What the exercise asks — Each line from the one containing "Meubles de salle" to the end of the entries below must be restated exactly, and no other line should appear.

Stored data —
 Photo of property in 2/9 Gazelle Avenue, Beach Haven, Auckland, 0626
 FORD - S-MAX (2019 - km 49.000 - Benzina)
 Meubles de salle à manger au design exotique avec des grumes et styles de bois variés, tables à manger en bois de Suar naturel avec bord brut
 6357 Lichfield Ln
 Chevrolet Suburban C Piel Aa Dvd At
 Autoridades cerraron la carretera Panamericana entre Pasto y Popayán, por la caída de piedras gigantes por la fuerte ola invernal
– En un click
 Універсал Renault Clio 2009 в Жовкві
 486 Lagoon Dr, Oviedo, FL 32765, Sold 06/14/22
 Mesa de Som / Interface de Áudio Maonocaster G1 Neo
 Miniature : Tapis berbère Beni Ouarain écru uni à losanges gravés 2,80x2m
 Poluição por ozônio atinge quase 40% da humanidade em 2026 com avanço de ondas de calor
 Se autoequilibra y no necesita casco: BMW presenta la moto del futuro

Answer to the exercise —
 Meubles de salle à manger au design exotique avec des grumes et styles de bois variés, tables à manger en bois de Suar naturel avec bord brut
 6357 Lichfield Ln
 Chevrolet Suburban C Piel Aa Dvd At
 Autoridades cerraron la carretera Panamericana entre Pasto y Popayán, por la caída de piedras gigantes por la fuerte ola invernal
– En un click
 Універсал Renault Clio 2009 в Жовкві
 486 Lagoon Dr, Oviedo, FL 32765, Sold 06/14/22
 Mesa de Som / Interface de Áudio Maonocaster G1 Neo
 Miniature : Tapis berbère Beni Ouarain écru uni à losanges gravés 2,80x2m
 Poluição por ozônio atinge quase 40% da humanidade em 2026 com avanço de ondas de calor
 Se autoequilibra y no necesita casco: BMW presenta la moto del futuro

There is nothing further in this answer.